Transcribe the records below exactly as written, from the opening line through the line that contains "Web arayüzü simgesi, vektör illüstrasyonu".

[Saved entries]
-=-=-
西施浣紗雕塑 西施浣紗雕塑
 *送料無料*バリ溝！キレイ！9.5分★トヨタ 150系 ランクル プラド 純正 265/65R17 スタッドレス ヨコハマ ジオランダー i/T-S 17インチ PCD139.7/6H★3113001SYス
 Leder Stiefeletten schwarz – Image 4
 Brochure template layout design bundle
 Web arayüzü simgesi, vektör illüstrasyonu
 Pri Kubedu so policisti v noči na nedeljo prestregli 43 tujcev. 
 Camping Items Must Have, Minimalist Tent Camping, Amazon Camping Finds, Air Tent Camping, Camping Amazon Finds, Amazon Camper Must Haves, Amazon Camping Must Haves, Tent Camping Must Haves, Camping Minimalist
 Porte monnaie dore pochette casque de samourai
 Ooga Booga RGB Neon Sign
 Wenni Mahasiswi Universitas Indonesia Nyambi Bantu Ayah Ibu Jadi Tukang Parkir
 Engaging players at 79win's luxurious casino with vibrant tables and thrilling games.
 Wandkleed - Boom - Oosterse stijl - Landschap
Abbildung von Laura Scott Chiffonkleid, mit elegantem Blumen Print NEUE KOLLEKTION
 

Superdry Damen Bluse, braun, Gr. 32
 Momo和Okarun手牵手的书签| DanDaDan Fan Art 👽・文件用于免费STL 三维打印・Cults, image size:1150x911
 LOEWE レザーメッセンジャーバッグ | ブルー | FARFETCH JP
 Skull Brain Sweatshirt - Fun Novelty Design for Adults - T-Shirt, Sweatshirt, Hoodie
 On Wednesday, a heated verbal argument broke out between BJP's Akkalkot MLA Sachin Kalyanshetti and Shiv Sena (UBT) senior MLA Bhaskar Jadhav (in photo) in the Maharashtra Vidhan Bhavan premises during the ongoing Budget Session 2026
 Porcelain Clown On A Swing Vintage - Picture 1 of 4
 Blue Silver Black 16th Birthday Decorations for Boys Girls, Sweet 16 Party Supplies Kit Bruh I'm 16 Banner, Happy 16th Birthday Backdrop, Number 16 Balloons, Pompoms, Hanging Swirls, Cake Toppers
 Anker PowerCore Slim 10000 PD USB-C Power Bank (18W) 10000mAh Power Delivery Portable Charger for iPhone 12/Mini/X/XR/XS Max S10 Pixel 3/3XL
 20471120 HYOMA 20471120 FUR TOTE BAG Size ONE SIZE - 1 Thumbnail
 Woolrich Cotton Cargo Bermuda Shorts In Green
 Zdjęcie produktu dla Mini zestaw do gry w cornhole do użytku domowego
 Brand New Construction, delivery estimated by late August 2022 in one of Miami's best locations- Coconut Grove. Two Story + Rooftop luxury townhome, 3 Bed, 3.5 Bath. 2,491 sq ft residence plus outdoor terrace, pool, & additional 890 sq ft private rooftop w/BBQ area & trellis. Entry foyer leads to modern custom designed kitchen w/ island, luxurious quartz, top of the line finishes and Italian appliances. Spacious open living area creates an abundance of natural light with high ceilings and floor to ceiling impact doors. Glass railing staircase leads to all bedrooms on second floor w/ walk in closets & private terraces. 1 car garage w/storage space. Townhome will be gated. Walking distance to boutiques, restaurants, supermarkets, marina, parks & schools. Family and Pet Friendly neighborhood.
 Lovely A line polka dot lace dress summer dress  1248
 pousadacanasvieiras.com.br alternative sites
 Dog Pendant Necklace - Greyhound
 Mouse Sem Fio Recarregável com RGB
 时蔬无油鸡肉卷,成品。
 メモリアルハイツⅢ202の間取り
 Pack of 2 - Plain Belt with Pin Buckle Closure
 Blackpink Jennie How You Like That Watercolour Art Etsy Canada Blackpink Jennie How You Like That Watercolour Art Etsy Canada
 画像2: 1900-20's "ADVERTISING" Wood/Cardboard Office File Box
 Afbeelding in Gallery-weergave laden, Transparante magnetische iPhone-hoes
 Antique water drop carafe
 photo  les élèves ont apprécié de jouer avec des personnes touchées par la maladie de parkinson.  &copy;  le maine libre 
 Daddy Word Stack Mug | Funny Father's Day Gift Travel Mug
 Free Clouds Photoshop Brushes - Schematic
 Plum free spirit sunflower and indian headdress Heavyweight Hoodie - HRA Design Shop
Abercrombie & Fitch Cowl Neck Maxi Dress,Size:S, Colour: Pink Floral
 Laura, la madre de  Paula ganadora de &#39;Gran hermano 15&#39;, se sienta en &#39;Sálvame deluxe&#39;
-=-=-
Answer section:
西施浣紗雕塑 西施浣紗雕塑
 *送料無料*バリ溝！キレイ！9.5分★トヨタ 150系 ランクル プラド 純正 265/65R17 スタッドレス ヨコハマ ジオランダー i/T-S 17インチ PCD139.7/6H★3113001SYス
 Leder Stiefeletten schwarz – Image 4
 Brochure template layout design bundle
 Web arayüzü simgesi, vektör illüstrasyonu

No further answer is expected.